Thursday, June 29, 2006


I often see actors audition successfully for parts in which I knew they would not be quite right; that is, their performances would disappoint their director and audience, as well as me. They audition strongly and rehearse poorly. Now, there is no real surprise or dishonor in this. Audition skills--as we know--are particular, and any performer who has them deserves a nod of respect. But, I am surprised that directors don't necessarily see what I see in these performers, and, in truth, in my own auditions I've been hugely overly reliant on what I've been thinking of as the director's ability to see--to have a sixth sense for--how some performances will inevitably grow in rehearsal, and how others will never escape the hard, bright, pushed, brittle presentation in the audition room. By depending on my assumption about a director's 'sixth sense,' I've been hoping s/he would see in ME what I see in ME; that they would understand my own rehearsal process before they'd ever been exposed to it.
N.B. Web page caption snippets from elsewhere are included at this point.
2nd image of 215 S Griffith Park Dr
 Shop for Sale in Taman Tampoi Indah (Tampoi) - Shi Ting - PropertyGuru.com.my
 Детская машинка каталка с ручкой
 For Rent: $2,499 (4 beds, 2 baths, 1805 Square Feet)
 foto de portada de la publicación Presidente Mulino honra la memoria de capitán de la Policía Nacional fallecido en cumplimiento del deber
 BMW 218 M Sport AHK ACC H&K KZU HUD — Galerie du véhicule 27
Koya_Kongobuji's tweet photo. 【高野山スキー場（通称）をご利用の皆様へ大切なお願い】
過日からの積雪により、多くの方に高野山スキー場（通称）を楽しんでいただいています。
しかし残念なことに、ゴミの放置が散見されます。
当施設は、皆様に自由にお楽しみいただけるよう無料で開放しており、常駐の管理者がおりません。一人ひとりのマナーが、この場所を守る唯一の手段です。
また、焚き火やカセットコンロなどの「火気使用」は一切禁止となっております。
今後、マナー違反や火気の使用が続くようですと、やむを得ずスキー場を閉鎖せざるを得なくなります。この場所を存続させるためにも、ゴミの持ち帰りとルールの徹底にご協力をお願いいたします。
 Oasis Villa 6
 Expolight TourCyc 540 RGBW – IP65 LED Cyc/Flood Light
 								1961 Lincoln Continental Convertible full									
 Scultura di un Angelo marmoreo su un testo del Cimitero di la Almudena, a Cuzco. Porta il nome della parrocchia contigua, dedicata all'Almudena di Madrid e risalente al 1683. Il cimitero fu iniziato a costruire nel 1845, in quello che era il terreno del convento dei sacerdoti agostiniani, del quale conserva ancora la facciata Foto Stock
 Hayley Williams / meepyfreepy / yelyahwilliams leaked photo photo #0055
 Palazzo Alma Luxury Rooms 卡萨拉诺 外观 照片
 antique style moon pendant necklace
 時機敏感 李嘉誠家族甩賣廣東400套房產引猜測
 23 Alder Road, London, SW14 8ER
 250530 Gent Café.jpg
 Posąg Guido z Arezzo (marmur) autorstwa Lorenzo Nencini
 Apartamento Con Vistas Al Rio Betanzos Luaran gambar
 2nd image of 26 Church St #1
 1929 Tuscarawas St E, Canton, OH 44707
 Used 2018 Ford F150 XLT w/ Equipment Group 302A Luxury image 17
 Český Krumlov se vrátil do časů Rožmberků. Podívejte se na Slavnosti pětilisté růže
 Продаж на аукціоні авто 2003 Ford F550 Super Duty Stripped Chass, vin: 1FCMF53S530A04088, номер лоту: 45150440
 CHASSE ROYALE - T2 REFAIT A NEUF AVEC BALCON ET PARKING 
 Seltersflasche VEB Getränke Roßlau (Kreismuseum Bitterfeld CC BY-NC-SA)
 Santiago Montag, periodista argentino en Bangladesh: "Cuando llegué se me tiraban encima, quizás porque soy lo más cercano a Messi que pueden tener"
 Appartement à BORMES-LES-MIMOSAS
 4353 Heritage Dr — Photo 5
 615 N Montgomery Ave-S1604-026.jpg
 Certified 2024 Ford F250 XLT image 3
Bad boy. I'd be better served by not asking directors to read my mind.

So, I need to risk being hard, bright, pushed and brittle in audition, myself.


Signore Direttore said...

Maybe you need to risk being something you're not in order to win more parts. Or perhaps you need to rely on the more organic process you're developing and wait until it has caught up with the "bright and shiny" that wins more parts.
It's a small market, if you stick around and stick to your guns you'll likely have your cake and eat it, too. If you force things, you may sacrifice the connections to your more authentic self that you've worked so hard to allow.

Erin said...

There's always a chance the director was looking for something about which you were unaware; something they saw in these people they cast that they did not see in you or the other people they did not cast.

We all have our own perspectives, and there are more things unseen than seen in the world.